Medication-focused vs procedure-focused approaches

• Some cases are managed primarily with medical therapies (topical and/or systemic medications depending on cause).
• If thinning threatens the structural integrity of the cornea, procedural or surgical options (such as tissue adhesive, protective contact lenses, or grafting) may be discussed in clinical practice. Which path is chosen varies by clinician and case.

peripheral ulcerative keratitis (PUK) Common questions (FAQ)

Q: Is peripheral ulcerative keratitis (PUK) an infection?
PUK can be infectious or noninfectious. Many discussions of PUK focus on immune-mediated inflammation and corneal melt, but infections can mimic or contribute to a similar appearance. Determining the cause is a key part of the clinical evaluation.

Q: Does PUK usually hurt?
Pain can range from mild irritation to severe pain, especially if there is associated scleritis or significant inflammation. Some patients also report tearing, light sensitivity, and a foreign-body sensation. Symptom intensity does not always match the degree of thinning.
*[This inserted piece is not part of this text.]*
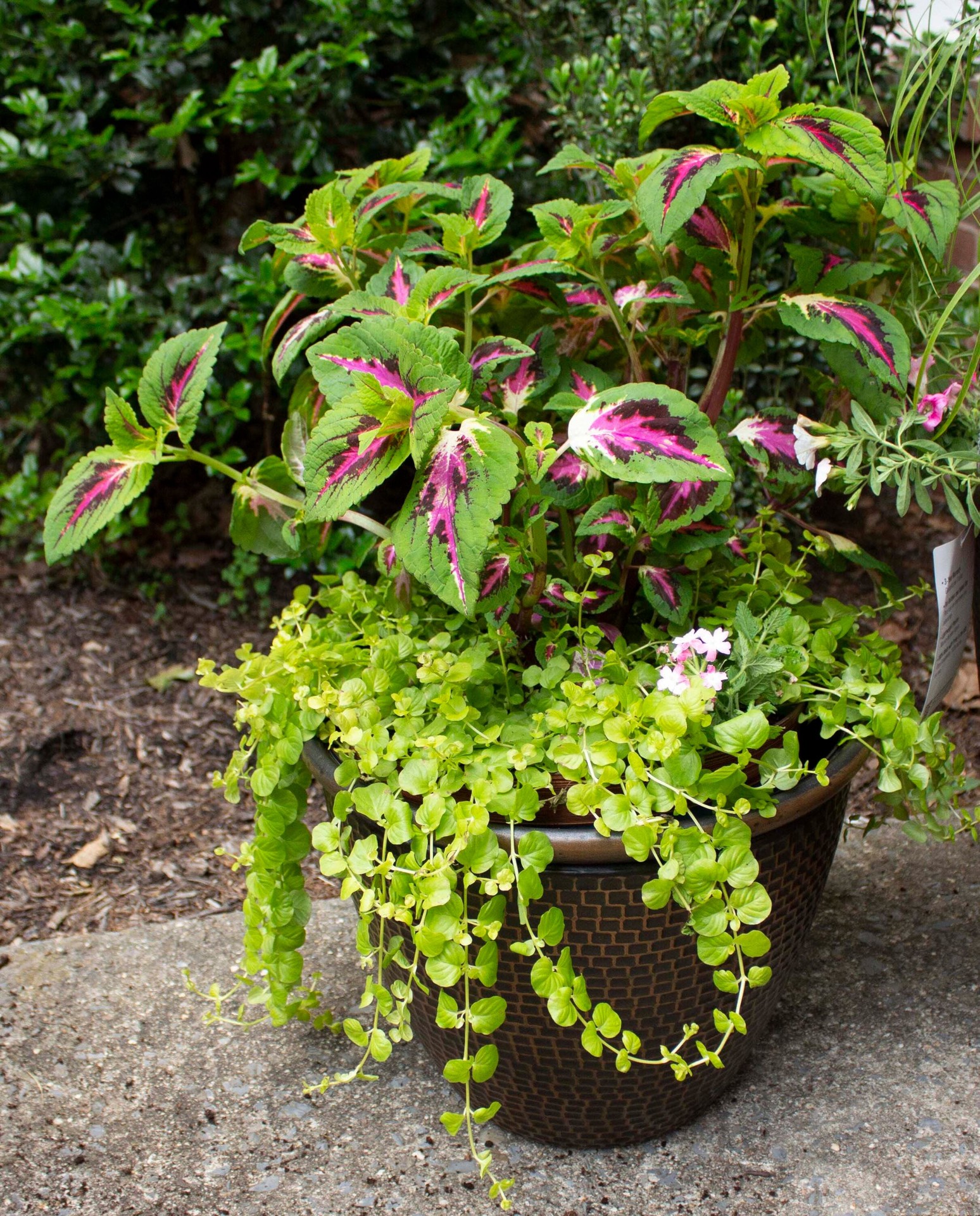 slide 2 of 6, allen + roth Round 19.09-in W x 19.09-in L Bronze Resin Indoor/Outdoor Planter, 1 ct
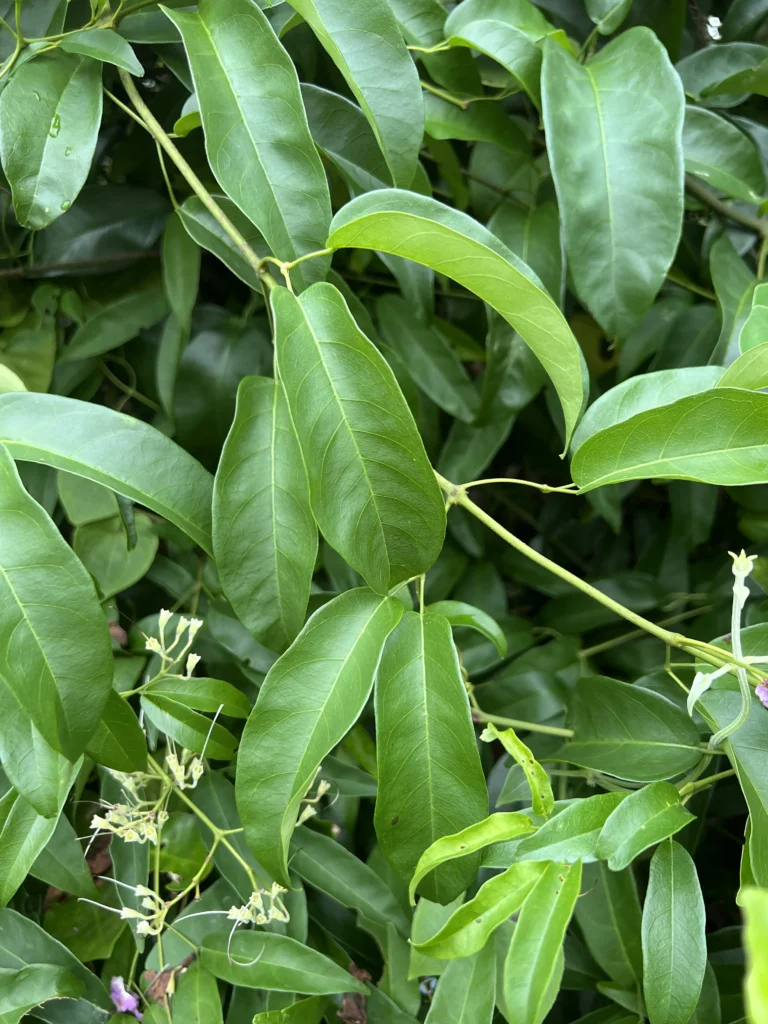 Fridericia chica (30)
Q: Can PUK affect vision permanently?
It can, depending on severity and where scarring or irregularity occurs. Peripheral scarring may have less impact than changes that induce irregular astigmatism or affect the visual axis. Long-term effects vary by clinician and case.

Q: How long does PUK take to heal?
There is no single timeline. Healing depends on the underlying cause (infectious vs inflammatory), the amount of thinning, and how quickly the disease stabilizes. In many cases, clinicians focus on whether the condition is improving on serial exams rather than a fixed number of days or weeks.

Q: Is PUK considered an emergency?
PUK is often treated as urgent because peripheral thinning can progress and threaten corneal integrity in some cases. The level of urgency depends on findings such as the depth of thinning and rate of change. Clinicians determine urgency based on exam details.

Q: What kind of tests might be done for PUK?
Eye-focused evaluation can include slit-lamp examination, staining, and sometimes sampling for laboratory testing if infection is suspected. If an immune-mediated cause is considered, clinicians may coordinate systemic evaluation (blood tests and specialist input) tailored to the patient’s history. The exact testing varies by clinician and case.

Q: What does it cost to evaluate and manage PUK?
Costs vary widely by region, clinic setting, insurance coverage, and the need for lab tests, imaging, medications, procedures, or hospital-based care. Some cases require only office visits and topical therapy, while others require more extensive workup and interventions. A clinic can usually provide a range after evaluation, but it is not uniform.

Q: Can I drive or use screens if I have PUK?
Functional ability depends on pain, light sensitivity, tearing, and whether vision is blurred from the corneal surface problem or medications used during care. Some people can do routine tasks, while others find symptoms too distracting. Safety considerations are individualized and depend on real-time vision and comfort.

Q: Is PUK contagious?
PUK itself is a descriptive diagnosis and is not inherently contagious. However, if the underlying cause is an infectious keratitis, the infection may involve transmissible organisms depending on the pathogen and exposure context. Clinicians evaluate this based on exam findings and risk factors.

Q: Can PUK come back after it improves?
Recurrence can happen, particularly when underlying inflammatory or autoimmune disease remains active or when ocular surface problems persist. Follow-up is used to watch for reactivation and for longer-term corneal changes. Risk varies by clinician and case.